I don’t often write ‘inside info’ kind of posts, but in the last two days, I witnessed an amazing example of a learning network in action.

Twitter, a site I’m a huge fan of as many of you know, announced it would be going down for maintenance for most of Saturday.   Since a number of us rely on twitter to keep us “in the loop” with a network of colleagues, a plan spontaneously hatched on Twitter for our whole network to “move” for the day to a different site, Pownce.


However, there’s one problem–Pownce doesn’t give unlimited access.  You have to be invited, and each person only gets a few invites.

So, harnessing the power of web 2.0, a wiki was set up(I believe by Derrall Garrison), where you could post your email if you needed an invite to Pownce.

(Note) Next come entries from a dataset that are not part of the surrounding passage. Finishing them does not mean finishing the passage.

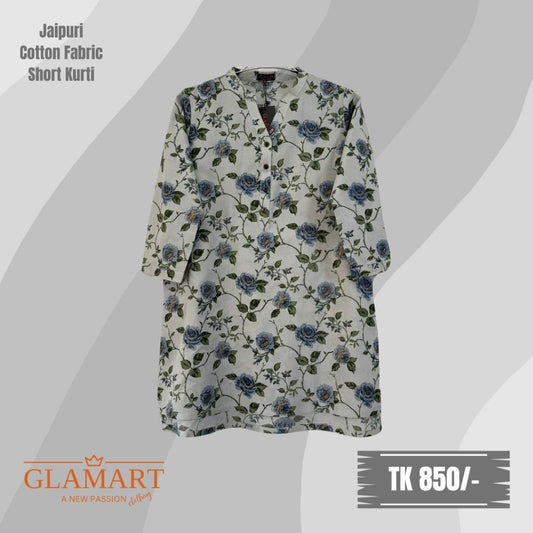 Jaipuri Cotton Short Kurti – Light-Grey Base with Blue Rose Print | SK0012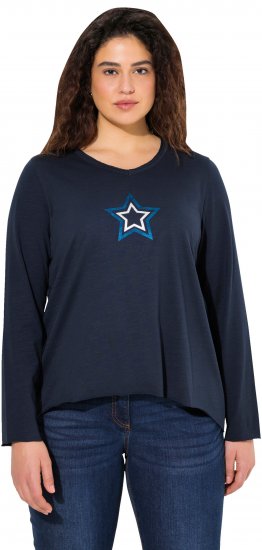 Ulla Popken Star Long Sleeve Graphic Tee Navy Blue - Tiskana majica za žene - 
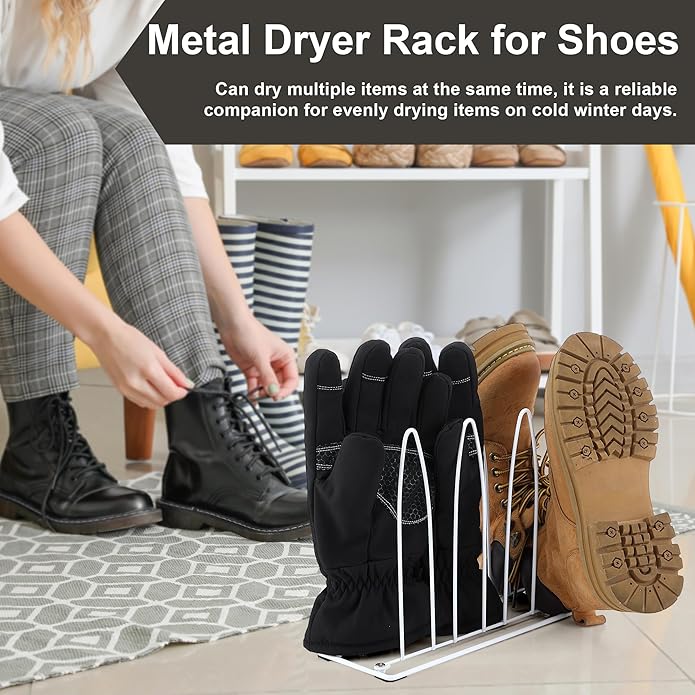 2 Pack Metal Shoe Drying Rack, Shoes, Boot, and Glove Drying Rack, Dryer Racks for Shoes and Dryer Shoe Racks Inside Dryers (White) - Image 6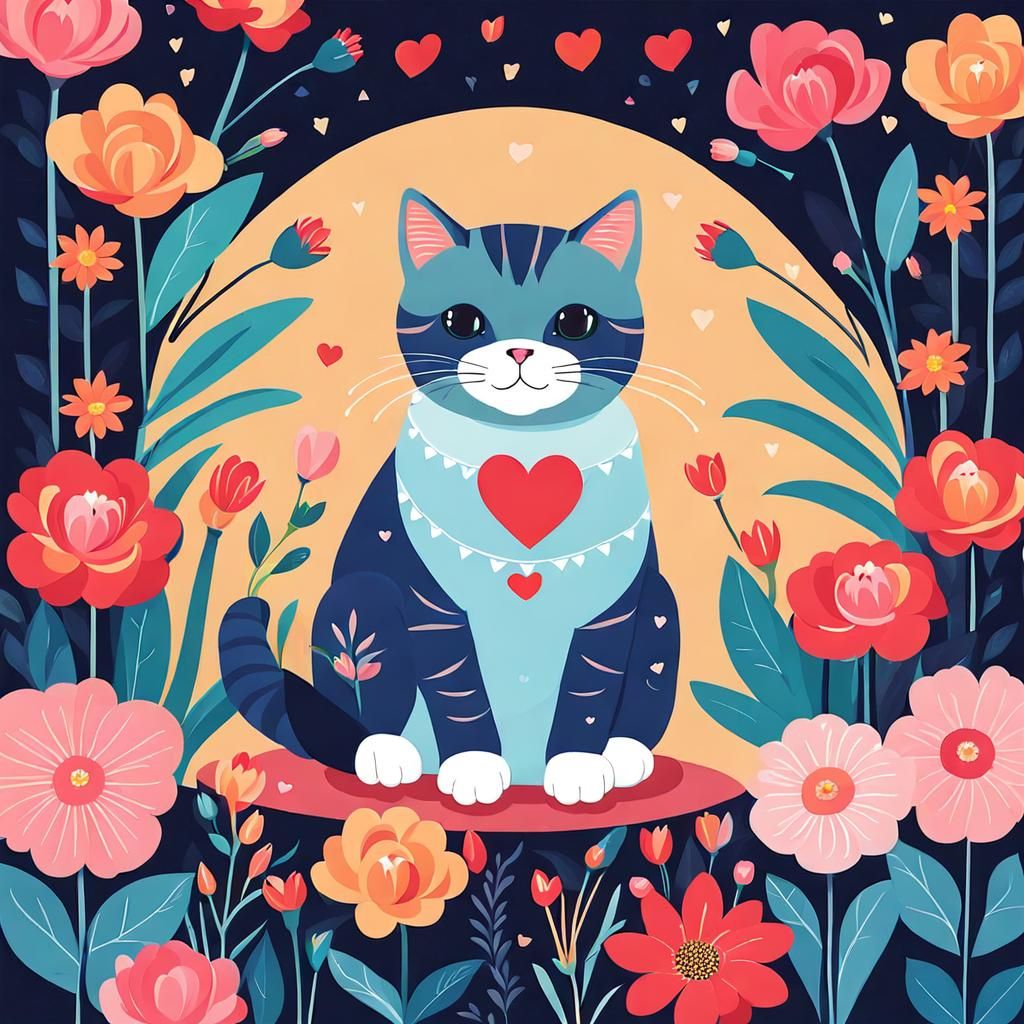 Cat on Pillow Surrounded by Flowers Illustration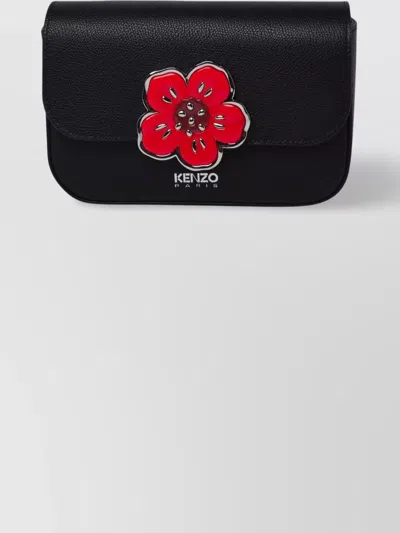 Kenzo Leather Clutch With External Pocket And Floral Embellishment In Black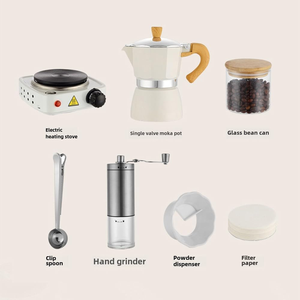 7pcs Portable Espresso Coffee Maker Set Stove Kettle Barista Tools MOKA Pot Coffee Maker Premium Gift <b>Box</b> with Grinder - Product Image 2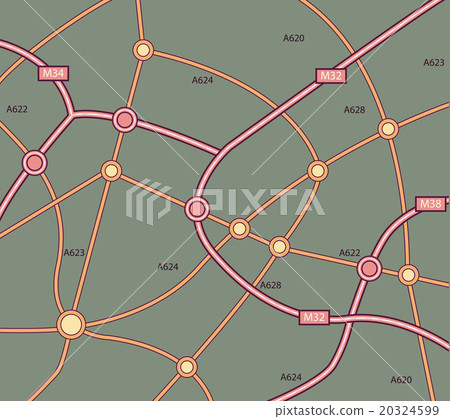 Generic road map with highways an local roads - Stock Illustration ...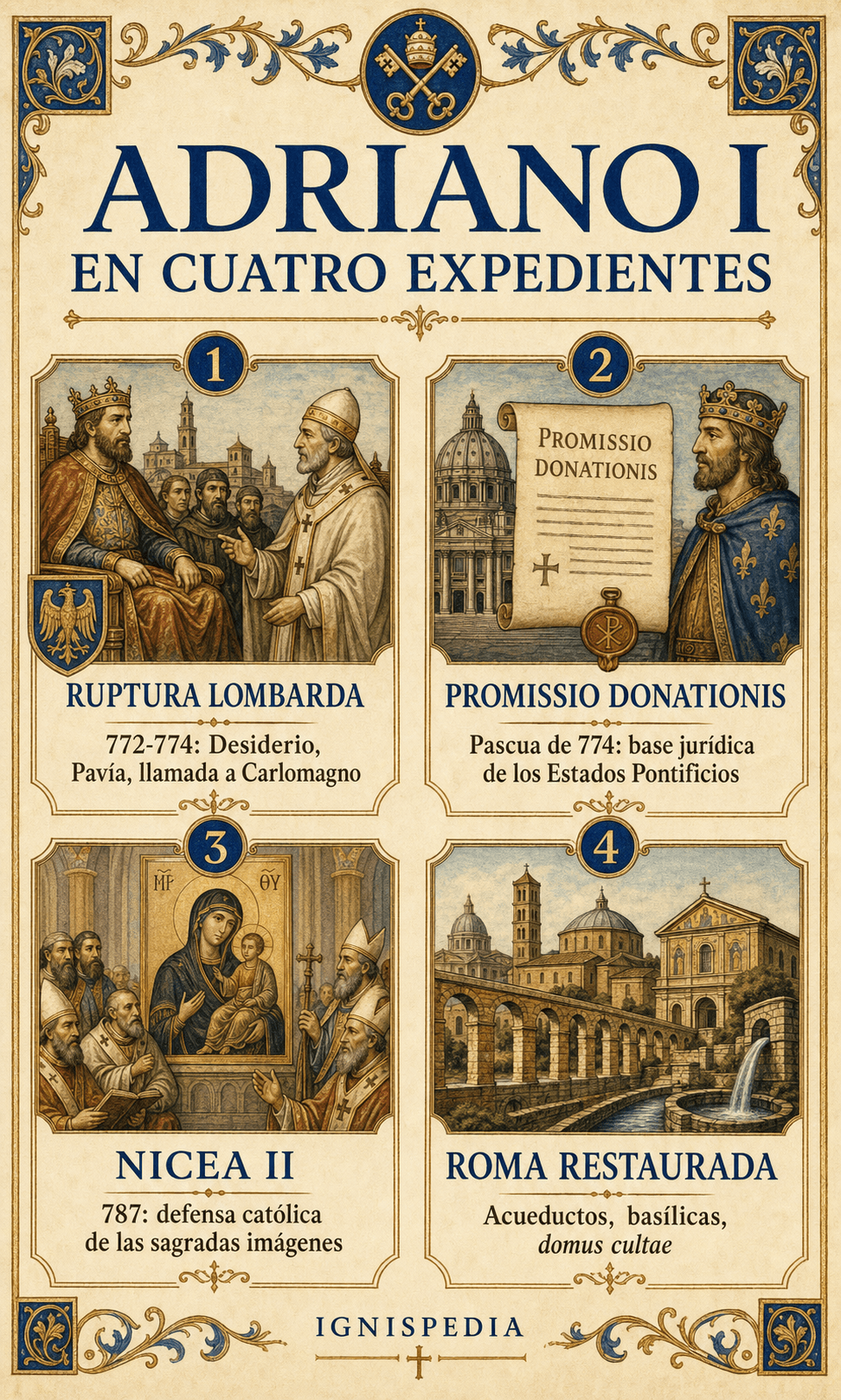 Infografía que presenta los cuatro grandes expedientes del pontificado de Adriano I: lombardos, donación, Nicea II y restauración de Roma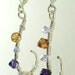 Crystal Galaxy Earrings - Swarovski Crystal and Silver plated Wire Curl Coil - Unique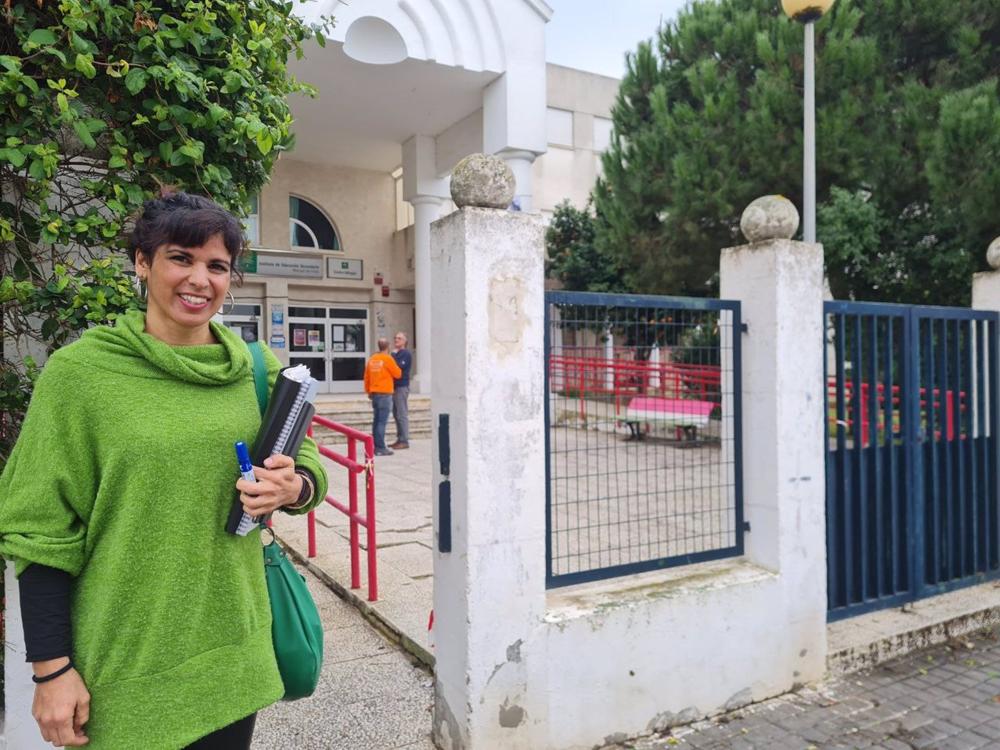 Teresa Rodríguez al regresar a su instituto Teresa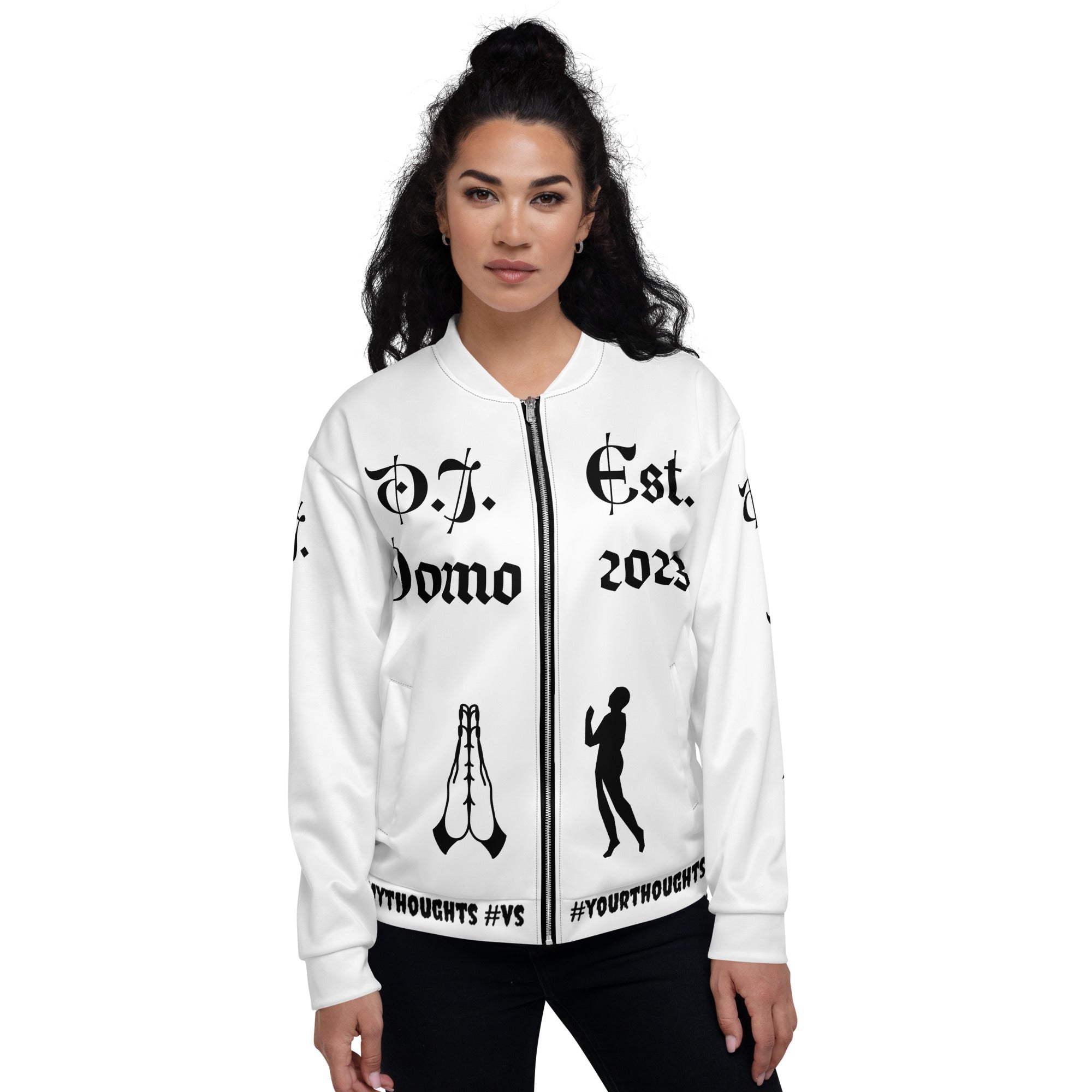 "PRAYER" Unisex Bomber Jacket White/Black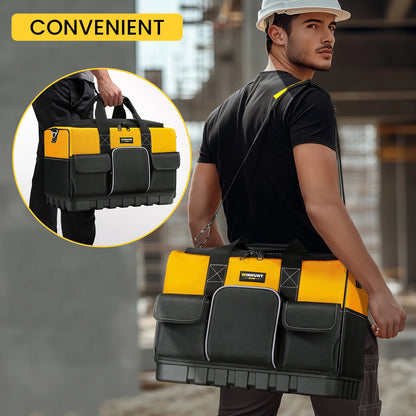 WINHUNT Tool Bag, 18-inch Tool Organisers, 600 Denier Large Tool Bag for Home DIY & Equipment Storage, Yellow and Black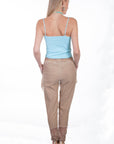 Chiffon Panel/lace Bottom Pants - HC316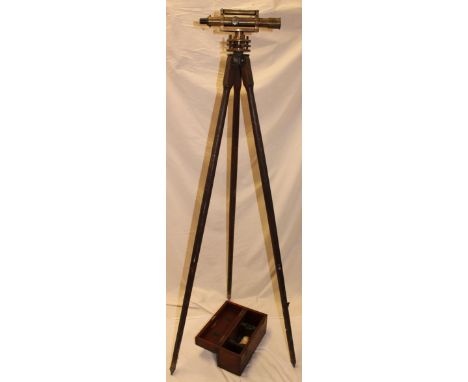 A good quality brass surveyor's theodolite by John Davis & Son Derby in fitted wooden case with wooden folding tripod 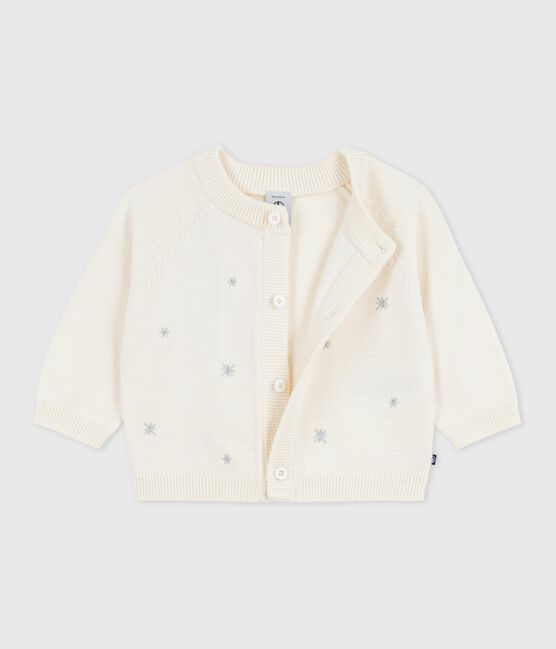 Cardigan in maglia di misto lana e cotone con stelle ricamate neonata bianco MARSHMALLOW/grigio ARGENT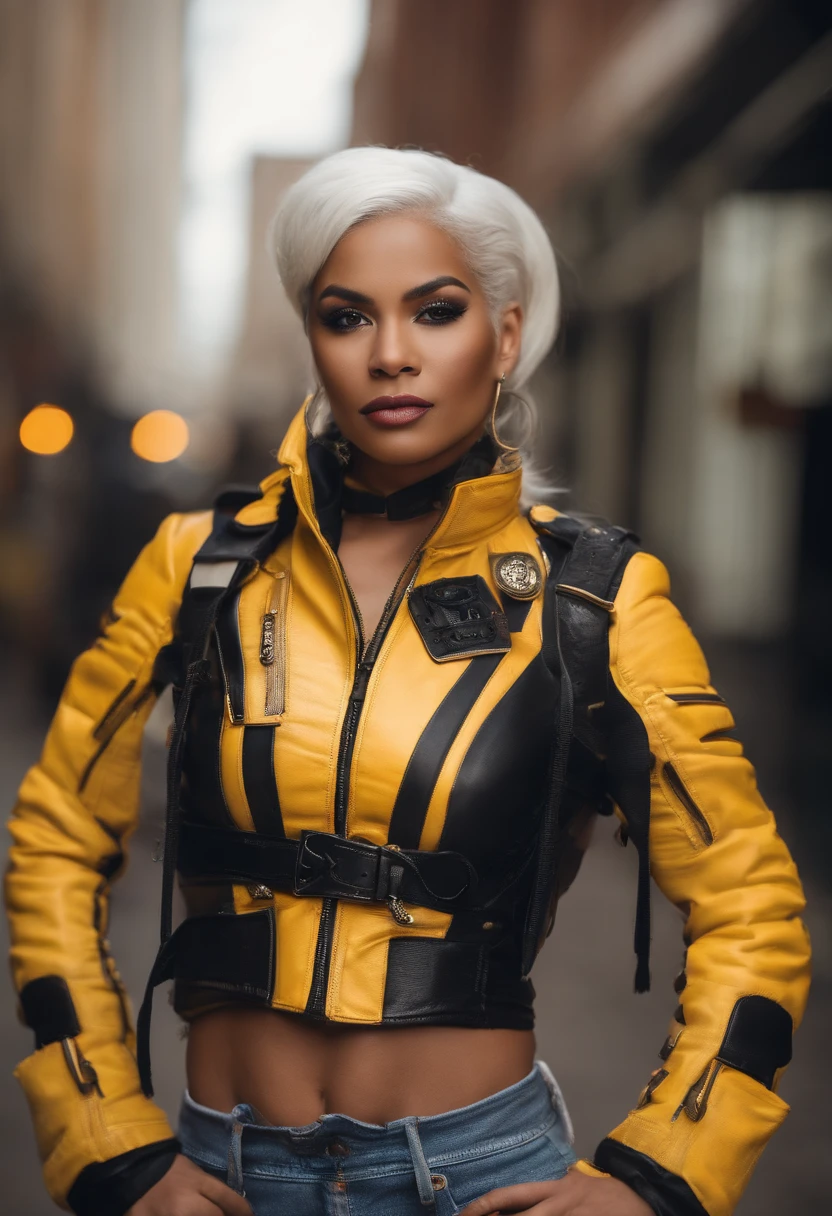 Triumphant, Dark-skinned Arab woman with white hair, white eyebrows, yellow eyes, large breasts, shortstack, strong, athletic, fit, white hair tied with a yellow ribbon. Wears yellow and black motorcycle leathers, lots of gold jewelry and navel piercing. She is standing on a street in Chicago.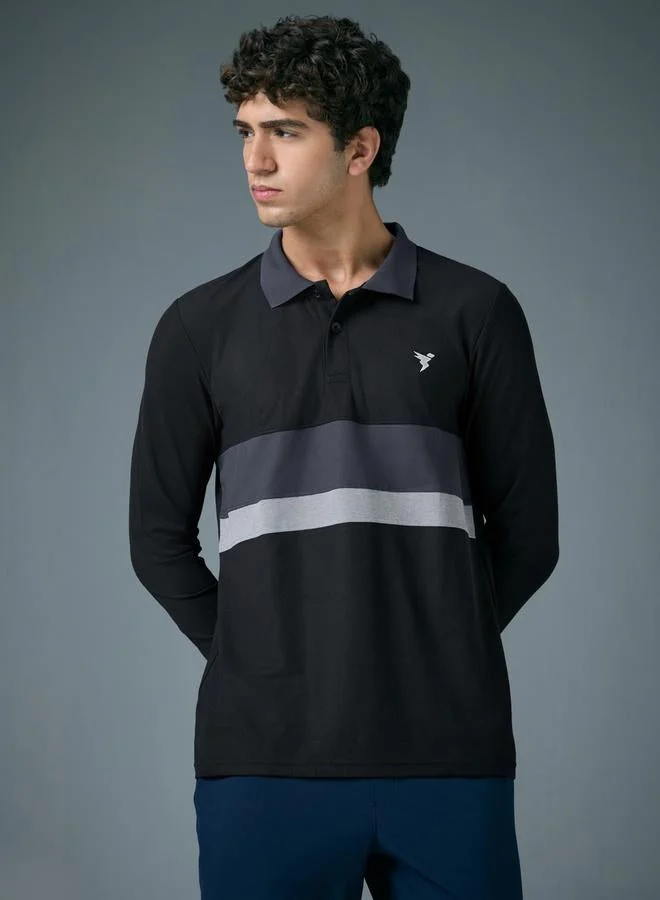 Technosport  Men Slim Fit Contrast Panel Polo for Men | Best Price UAE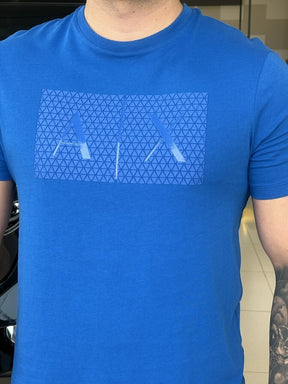 Camiseta Armani Exchange Slim Fit Detalhes Emborrachado Logo Assinatura Masculino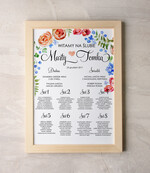 Plany stołów Plakaty Akwarele tablica z planem stołów na wesele plan stołów weselnych, wiele rozmiarów do wyboru romantyczne akwarelki0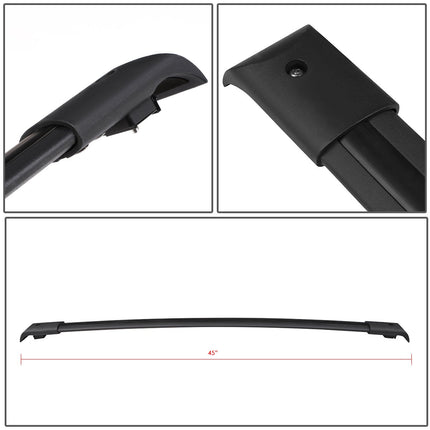 DNA Motoring PT-ZTL-8039 Pair Aluminum Car Roof Rack Cross Bars Compatible with 03-08 Honda Pilot,Black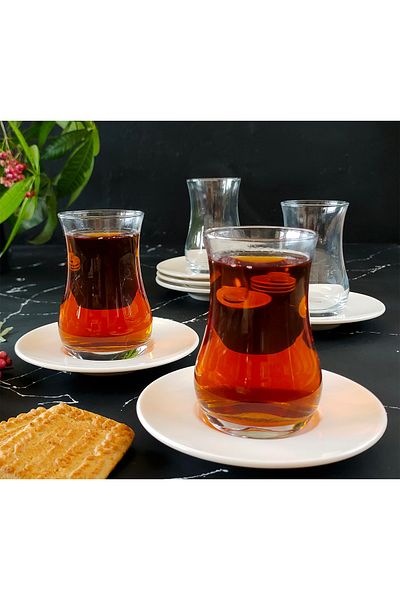 MADAM İZMİR Allday Bone Tea Set for 6 People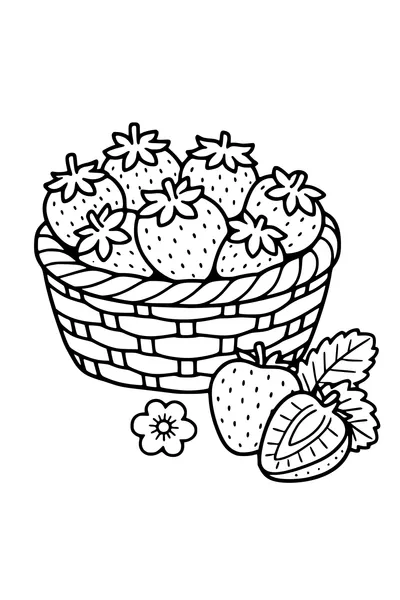 Coloring page of a woven basket of strawberries with one cut in half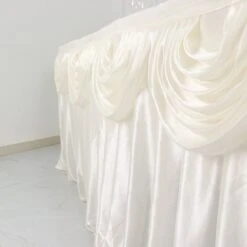 14FT Pleated Satin Double Drape Table Skirt -Home Decor Promotional Store SKT 06 IVR 14 D03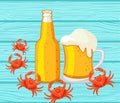 Beer and hardshell crabs. Vector illustration.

Once on Pownce, our learning network explored the tool and evaluated what they liked/didn’t like about it or how they could use it on their campus.


The amazing thing is that through the power of connections, and knowing a few handy tools, we literally MOVED a whole group to a new site within a day.   We problem-solved, collaborated, and brainstormed in order to stay connected because it was important to our own learning. 

This is the kind of a learning experience we would want for our students–for them to spontaneously identify a problem and possible solutions, to find the right tools to achieve those, to have the freedom to try out solutions, and to evaluate their choices.    Even as an adult learner, it felt so empowering and energizing to be a part of this team approach.  Imagine how powerful this would be for our students or other teachers on our campuses.

Do we give them enough opportunities to harness their own learning this way?  

(P.S.  By the way, Twitter didn’t end up going down, but through networking, we have a toolkit of ideas for “back-up.”)

One thought on “Lock, stock, and barrel

  1. This is exactly what I found amazing and empowering about the No Twitter Day experience. I found Pownce relatively more difficult to set up connections with others in my network. It’s a different kind of metaphor – more exclusive and elusive. Like anything, it would take a while to get used to. I like Twitter (maybe because I used it first), but Pownce is a great backup AND you can share files which is interesting. It is more like Myspace in that you have to swing from friend to friend to see who their friends are and then request an invite.

    This whole migration story reminds me of a blog I read the other day (don’t remember whose) speaking about a bat flying in to a science room. While the bat was being caught, the class moved to another room where they spontaneously starting looking up bats. By the time it was caught, they hovered around the cage the bat was in and compared it to what they found online.

    These are the moments that bring it all together.